Dal 30 gennaio al 25 febbraio 1996 avrà luogo a Friburgo una mostra dal titolo “Arte Solare – Progetto Sole” dell’artista tedesco Jurgen Claus. Claus, vincitore del premio europeo EUROSOLAR, è il fondatore di “The SolArt Global Network”. Si tratta di un’iniziativa volta a favorire lo sviluppo dell’arte solare a livello mondiale. Gli sviluppi dell’energia solare, secondo gli artisti che aderiscono a questa rete, devono trovare una loro legittimazione anche sul piano culturale ed artistico. Tra i prossimi appuntamenti per “The SolArt Global Network” potrebbe esserci una rassegna fotografica dell’arte solare in occasione del Congresso mondiale dell’ISES di Seoul del 1997.

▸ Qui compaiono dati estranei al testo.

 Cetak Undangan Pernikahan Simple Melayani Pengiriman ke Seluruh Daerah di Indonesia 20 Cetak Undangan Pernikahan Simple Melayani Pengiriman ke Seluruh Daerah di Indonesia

KIT PER L’INSEGNAMENTO DEI CONCETTI DI BASE SULLA PRODUZIONE E IL CONSUMO DELL’ENERGIA ELETTRICA

L’Alternative Energy Corporation (AEC), una organizzazione con finalità non di lucro, creata dagli enti elettrici del North Carolina per promuovere l’efficienza energetica, ha realizzato un “Kit” bicicletta-generatore elettrico accoppiato a vari tipi di apparecchiature, dalle lampade ad alta efficienza a quelle tradizionali, ai motori, ai ventilatori. Il “Kit” è corredato da un manuale e da un video ed è stato realizzato con lo scopo di offrire un facile strumento per l’insegnamento dei concetti di base relativi alla produzione e al consumo dell’energia elettrica. Nello stato americano viene utilizzato presso le scuole e in occasione di conferenze, fiere e manifestazioni varie volte alla protezione dell’ambiente.

Per informazioni: AEC – P.O. Box 12699, Research Triangle Park, N.C. 27709 – USA
tel. +1 919 3618000

TESI DI LAUREA

Il 14 dicembre 1995 ha conseguito la laurea in Ingegneria Elettrica il nostro socio studente Paolo Rocco Viscontini con una tesi su “La tecnologia fotovoltaica: stato dell’arte, suo ruolo per i paesi in via di sviluppo, esempi applicativi”. Il neo ingegnere, al quale inviamo le nostre più vive congratulazioni, ha scritto a ISES Italia evidenziando l’importanza dei rapporti della nostra associazione con gli studenti. Si tratta di un tema che interessa molto ISES Italia, impegnata sempre di più a favorire la partecipazione degli studenti alle attività dell’Associazione.